債務整理を検討されている方のなかには「低金利の銀行ローンは任意整理できない」と思われている方も多いのではないでしょうか。

つい借りすぎてしまった銀行ローンも、任意整理で返済の負担を軽減できる可能性があります。

ただし、口座凍結や任意整理した銀行からは新たな借り入れができなくなるなど、注意すべきリスクもあるので、銀行ローンを任意整理する場合のメリットや、デメリット・注意点について、本記事でしっかり確認していきましょう。

銀行ローンは任意整理できる?

銀行ローンも任意整理が可能です。

消費者金融よりも低金利で、借り入れできる金額の上限が定められる裁量規制が適用されないことから、「銀行で借金をしすぎた」という方も少なくありません。

このように銀行ローンの返済でお困りの場合も、任意整理で将来利息のカットや返済期間の延長が実現すれば、返済の負担を軽減できる可能性があります。

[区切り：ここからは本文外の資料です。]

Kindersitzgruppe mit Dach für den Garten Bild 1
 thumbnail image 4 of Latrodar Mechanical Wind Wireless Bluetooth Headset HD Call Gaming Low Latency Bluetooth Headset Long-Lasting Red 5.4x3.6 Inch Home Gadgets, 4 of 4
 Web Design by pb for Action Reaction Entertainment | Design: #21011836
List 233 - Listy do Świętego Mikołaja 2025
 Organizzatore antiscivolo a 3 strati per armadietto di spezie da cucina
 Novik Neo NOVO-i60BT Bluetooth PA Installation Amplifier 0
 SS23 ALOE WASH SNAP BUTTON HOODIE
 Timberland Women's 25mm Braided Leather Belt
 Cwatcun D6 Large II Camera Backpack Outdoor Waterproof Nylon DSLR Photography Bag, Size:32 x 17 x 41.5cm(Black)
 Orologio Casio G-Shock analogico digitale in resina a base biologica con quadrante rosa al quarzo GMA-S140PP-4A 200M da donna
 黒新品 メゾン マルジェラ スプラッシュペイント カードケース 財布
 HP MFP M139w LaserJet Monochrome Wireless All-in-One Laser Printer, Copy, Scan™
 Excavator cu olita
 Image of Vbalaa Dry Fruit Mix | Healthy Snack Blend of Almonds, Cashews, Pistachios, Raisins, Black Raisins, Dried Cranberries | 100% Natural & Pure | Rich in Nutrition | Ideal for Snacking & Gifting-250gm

銀行ローンのなかでも、消費者金融と同じように銀行が利用限度額の範囲内で繰り返し貸し付けを無担保で行う銀行カードローンは、多くの銀行やカードローンの保証会社が任意整理の交渉に応じてくれる傾向にあるので、問題なく任意整理できる可能性が高いです。

担保権付きの銀行ローンは任意整理できないケースもある

銀行からの借り入れのなかでも、担保権付きの銀行ローンは任意整理が難しくなります。

担保権付きの銀行ローンとは?

担保権付きの銀行ローンとは、住宅ローン不動産担保ローンなどを指します。

借り入れの際に不動産などの特定の資産を担保として差し出す必要があるローンのことで、担保権付きローンや有担保ローンと呼ばれることがあります。

担保権付きの銀行ローンは、担保を売却すれば債権を回収することができるので、債権者が交渉に応じる必要がないと判断して任意整理できない可能性があるのです。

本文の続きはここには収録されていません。